The knight flushed. “I beg your pardon, Mr. Dening.”

“Is it necessary for me to explain?” A slight smile came on the young man’s lips. “If so, then–But, let me explain my own position first.” He paused, glancing round the table at the men watching him; then pushed has chair back, slightly, from the table.

“As you are no doubt aware, Sir John, I am nominally a barrister. Chance drifted me into another sphere of activity.

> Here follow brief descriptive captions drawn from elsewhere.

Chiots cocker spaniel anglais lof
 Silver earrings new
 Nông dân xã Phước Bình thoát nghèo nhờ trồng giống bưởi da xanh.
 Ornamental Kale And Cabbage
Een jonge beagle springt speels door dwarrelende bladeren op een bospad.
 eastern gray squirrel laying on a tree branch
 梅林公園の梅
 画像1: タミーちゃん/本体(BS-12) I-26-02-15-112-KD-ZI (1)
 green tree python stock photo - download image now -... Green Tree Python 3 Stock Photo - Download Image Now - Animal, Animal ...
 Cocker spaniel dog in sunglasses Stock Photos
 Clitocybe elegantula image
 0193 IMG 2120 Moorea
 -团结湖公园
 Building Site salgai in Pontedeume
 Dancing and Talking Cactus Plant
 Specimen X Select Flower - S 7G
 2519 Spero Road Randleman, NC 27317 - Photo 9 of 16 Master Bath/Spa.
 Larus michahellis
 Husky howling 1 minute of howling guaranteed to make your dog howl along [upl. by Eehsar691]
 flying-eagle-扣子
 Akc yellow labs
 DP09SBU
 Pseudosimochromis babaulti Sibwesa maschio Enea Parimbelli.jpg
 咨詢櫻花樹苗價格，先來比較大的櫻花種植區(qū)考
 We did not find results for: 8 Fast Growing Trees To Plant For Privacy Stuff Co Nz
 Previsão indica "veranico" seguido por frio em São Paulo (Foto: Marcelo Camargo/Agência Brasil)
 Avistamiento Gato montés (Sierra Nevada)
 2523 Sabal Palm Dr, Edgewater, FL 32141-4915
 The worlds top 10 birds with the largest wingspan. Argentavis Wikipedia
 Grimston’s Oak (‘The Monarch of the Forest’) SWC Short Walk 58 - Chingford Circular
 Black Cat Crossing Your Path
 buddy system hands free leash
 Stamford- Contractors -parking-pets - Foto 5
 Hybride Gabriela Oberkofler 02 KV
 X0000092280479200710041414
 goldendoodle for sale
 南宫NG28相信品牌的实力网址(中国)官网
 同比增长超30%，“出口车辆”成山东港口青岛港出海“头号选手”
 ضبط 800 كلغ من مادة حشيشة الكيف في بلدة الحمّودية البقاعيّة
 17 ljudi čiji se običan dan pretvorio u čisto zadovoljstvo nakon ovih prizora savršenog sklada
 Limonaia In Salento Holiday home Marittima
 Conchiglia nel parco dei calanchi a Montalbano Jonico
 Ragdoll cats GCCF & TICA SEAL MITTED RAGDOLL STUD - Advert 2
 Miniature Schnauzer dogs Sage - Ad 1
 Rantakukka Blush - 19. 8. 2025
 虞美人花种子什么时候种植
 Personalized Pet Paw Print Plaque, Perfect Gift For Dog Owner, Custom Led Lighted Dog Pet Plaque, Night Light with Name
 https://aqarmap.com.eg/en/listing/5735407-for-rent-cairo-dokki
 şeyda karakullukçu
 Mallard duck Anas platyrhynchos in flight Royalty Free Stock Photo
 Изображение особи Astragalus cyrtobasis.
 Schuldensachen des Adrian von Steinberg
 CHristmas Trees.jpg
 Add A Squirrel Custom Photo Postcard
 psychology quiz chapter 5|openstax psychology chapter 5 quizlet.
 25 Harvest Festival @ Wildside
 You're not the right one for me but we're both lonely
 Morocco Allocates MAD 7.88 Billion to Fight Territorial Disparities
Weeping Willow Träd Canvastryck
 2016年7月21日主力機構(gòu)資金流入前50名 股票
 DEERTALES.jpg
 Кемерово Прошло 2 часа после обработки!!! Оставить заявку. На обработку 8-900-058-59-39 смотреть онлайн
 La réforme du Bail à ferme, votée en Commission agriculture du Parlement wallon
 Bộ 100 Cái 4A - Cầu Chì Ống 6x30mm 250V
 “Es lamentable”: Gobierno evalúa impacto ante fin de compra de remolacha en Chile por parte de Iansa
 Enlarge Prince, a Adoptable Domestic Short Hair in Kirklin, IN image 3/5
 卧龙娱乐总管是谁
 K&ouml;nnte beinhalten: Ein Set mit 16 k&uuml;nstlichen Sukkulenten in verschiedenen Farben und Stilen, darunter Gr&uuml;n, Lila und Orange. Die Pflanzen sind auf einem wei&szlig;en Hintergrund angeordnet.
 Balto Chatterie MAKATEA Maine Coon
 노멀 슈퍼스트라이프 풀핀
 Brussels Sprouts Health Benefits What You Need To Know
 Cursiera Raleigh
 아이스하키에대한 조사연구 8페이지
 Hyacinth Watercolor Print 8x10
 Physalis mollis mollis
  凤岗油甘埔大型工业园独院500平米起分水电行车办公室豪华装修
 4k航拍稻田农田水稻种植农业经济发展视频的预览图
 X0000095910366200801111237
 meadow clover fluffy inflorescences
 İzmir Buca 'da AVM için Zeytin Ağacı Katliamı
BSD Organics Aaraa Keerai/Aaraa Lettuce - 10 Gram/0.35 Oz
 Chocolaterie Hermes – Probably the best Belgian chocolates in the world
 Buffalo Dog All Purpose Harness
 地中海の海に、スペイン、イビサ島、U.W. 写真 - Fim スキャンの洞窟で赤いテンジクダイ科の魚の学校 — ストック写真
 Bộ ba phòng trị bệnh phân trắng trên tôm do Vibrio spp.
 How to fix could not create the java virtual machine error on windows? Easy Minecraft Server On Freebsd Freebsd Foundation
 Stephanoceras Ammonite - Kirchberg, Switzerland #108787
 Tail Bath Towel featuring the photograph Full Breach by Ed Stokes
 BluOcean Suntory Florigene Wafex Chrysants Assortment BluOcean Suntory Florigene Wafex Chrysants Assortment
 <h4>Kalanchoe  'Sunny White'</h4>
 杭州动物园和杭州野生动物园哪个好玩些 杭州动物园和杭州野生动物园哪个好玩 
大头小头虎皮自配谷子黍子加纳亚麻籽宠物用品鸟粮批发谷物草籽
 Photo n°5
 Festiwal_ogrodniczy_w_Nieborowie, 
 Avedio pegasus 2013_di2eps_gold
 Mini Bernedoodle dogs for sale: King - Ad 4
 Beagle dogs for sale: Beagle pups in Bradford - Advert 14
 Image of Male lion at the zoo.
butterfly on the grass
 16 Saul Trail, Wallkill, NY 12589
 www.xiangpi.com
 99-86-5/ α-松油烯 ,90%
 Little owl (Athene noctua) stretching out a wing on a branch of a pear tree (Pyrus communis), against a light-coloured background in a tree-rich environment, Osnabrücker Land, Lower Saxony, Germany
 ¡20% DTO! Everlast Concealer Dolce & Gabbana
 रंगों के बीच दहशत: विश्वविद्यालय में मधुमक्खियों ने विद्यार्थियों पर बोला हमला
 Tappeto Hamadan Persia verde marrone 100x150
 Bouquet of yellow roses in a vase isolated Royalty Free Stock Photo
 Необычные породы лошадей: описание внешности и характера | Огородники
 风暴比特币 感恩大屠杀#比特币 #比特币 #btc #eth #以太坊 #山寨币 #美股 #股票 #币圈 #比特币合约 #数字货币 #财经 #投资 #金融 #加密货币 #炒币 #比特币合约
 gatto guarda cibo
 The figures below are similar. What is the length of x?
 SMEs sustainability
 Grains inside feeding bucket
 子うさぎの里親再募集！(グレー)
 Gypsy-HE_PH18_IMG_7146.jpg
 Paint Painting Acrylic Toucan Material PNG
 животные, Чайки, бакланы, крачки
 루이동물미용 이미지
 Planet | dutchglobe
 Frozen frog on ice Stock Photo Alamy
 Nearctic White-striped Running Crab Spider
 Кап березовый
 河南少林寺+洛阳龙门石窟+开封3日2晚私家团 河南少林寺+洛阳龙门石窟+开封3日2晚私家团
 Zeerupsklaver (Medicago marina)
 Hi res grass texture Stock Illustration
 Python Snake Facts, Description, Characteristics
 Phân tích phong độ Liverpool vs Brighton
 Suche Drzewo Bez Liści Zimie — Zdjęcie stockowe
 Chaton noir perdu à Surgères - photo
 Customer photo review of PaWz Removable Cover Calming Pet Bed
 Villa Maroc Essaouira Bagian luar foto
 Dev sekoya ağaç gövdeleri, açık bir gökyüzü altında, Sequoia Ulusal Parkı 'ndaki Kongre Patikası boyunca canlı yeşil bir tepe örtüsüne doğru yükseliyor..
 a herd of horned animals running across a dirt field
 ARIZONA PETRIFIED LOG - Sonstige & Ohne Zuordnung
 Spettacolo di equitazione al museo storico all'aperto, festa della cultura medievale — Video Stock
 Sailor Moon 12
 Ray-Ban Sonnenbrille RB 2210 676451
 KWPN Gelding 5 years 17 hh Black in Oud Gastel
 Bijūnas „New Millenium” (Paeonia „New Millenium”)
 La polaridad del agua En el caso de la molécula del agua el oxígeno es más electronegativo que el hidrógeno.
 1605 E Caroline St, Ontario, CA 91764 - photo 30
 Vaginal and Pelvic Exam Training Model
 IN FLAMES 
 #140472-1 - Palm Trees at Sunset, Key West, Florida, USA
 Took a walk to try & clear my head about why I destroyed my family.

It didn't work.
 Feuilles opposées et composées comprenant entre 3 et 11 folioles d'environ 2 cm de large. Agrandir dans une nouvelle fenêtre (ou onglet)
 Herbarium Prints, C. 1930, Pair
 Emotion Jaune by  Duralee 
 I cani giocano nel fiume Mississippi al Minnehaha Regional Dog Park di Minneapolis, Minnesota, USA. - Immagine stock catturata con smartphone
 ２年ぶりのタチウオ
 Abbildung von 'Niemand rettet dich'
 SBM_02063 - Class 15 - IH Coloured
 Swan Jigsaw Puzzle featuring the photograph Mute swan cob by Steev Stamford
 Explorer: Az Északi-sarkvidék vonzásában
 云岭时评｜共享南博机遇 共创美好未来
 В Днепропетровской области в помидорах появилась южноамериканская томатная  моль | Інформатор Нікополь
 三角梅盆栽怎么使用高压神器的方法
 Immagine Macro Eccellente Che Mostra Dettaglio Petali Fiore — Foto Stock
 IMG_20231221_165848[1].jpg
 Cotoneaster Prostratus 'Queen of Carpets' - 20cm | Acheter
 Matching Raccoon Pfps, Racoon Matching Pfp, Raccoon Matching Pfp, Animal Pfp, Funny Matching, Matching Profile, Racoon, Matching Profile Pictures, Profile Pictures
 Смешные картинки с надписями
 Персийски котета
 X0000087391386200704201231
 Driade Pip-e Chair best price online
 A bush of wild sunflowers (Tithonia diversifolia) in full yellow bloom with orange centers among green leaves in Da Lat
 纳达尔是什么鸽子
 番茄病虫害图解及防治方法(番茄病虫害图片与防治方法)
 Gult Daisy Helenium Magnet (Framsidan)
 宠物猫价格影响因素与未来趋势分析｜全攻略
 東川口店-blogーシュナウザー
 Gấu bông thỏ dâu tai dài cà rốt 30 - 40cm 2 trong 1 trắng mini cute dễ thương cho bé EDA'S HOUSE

An unexpected legacy gave me the means to indulge my desires–to allow me to devote my time to an occupation that intrigued me.

“I suppose I must admit that I am a private investigator of unusual happenings, with certain reservations.” The smile on Dening’s lips broadened. “While practising as a barrister I chanced to elucidate a mystery that had baffled the police. Other matters, of a like nature, were brought to me. I was lucky. I found solutions where others found only failure. I liked the work, the adventure, the possibilities of excitement. Yet I have never relinquished my standing as a barrister. To preserve that status I had to make a rule that I would only act through–and by the direct instructions of solicitors acting for my clients.”

“We quite understand that, Mr. Dening.” Sir John spoke quickly. “Perhaps you would prefer to consider this conversation as informal and to receive formal instructions through my solicitors?”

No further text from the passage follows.